Ночь. В царской опочивальне, где даже днем мутноватые проблески света не простираются дальше малюсенького оконца, жухлый мрак, чуть тронутый тлеющей перед образами лампадкой, и келейная, осмиряющая тишина… Тишина. Только дождь еле слышно шуршит за стеной – мягко, убаюкивающе, наполняя черную пустоту опочивальни дремотным, отрешающим покоем.

Не спит Иван… Терпкая духота и нудный, наваждающий шорох дождя донимают его и гонят прочь сон.

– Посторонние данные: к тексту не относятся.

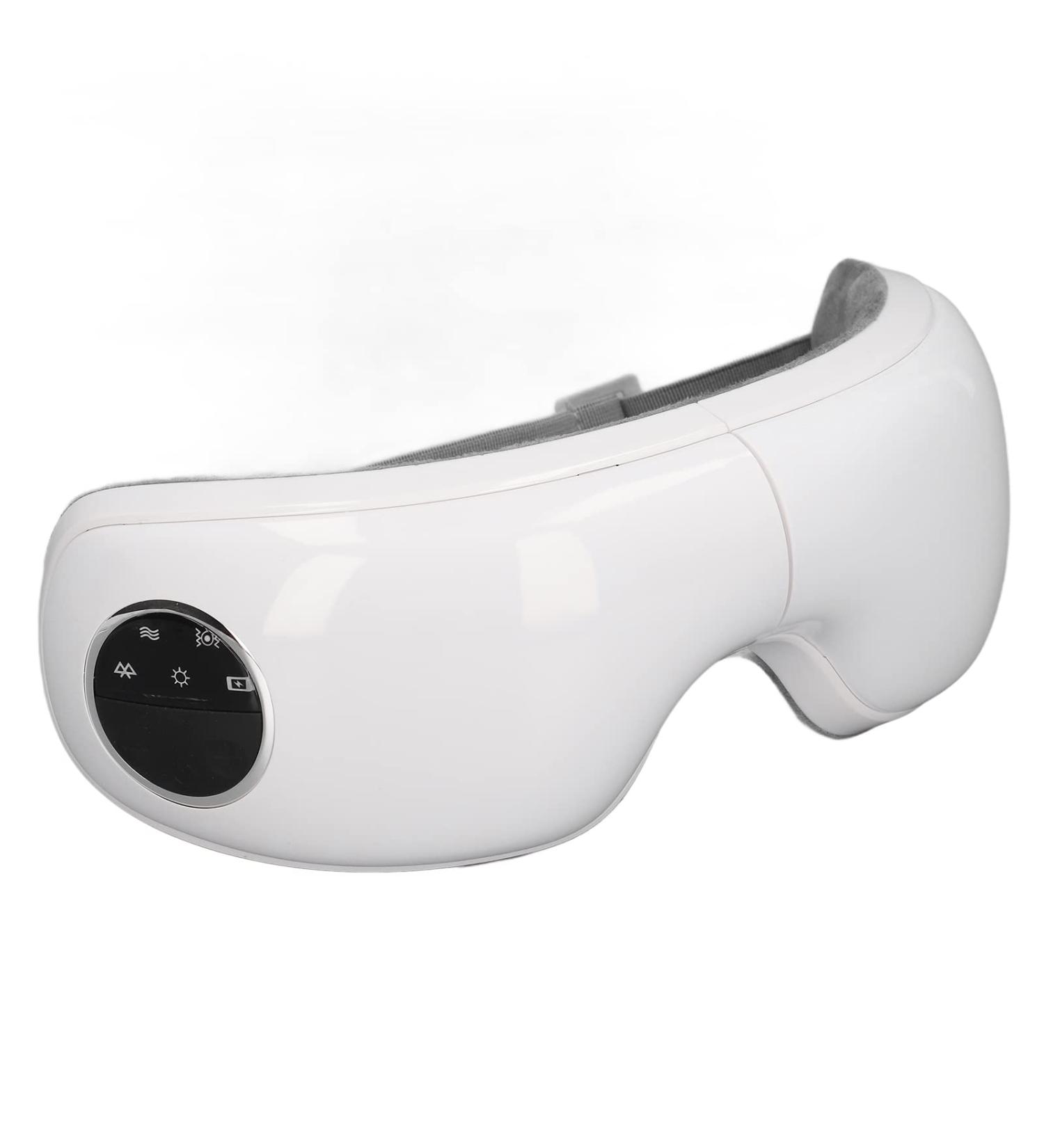 Focket Eye Massage Device - Rechargeable Heated Eye Massager with 5 Vibration Modes for Migraine Relief & Eye Care | Portable Folding Design & Music - Buy Online on GoSupps.com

Он лежит на широкой жесткой лавке, покрытой выворотной лисьей шубой, – распластанный, недвижный, с искрута запрокинутой головой. В изголовье, чуть прикрытая краем шубы, – грубая полстяная вкатка, упруго вдавливающаяся в затылок и будто расплющивающая его. От этого голова кажется ему непомерно большой и тяжелой, как будто ее придавливает к изголовью внутренняя, накопившаяся в ней от бессонницы тяжесть и какая-то еще, совсем иная, болезненная и раздражающая, исходящая извне – из мрака и тишины, наполняющих опочивальню, из их дремотности и притаенности, которые не усыпляли, а пробуждали, бередили, подстегивали мысли.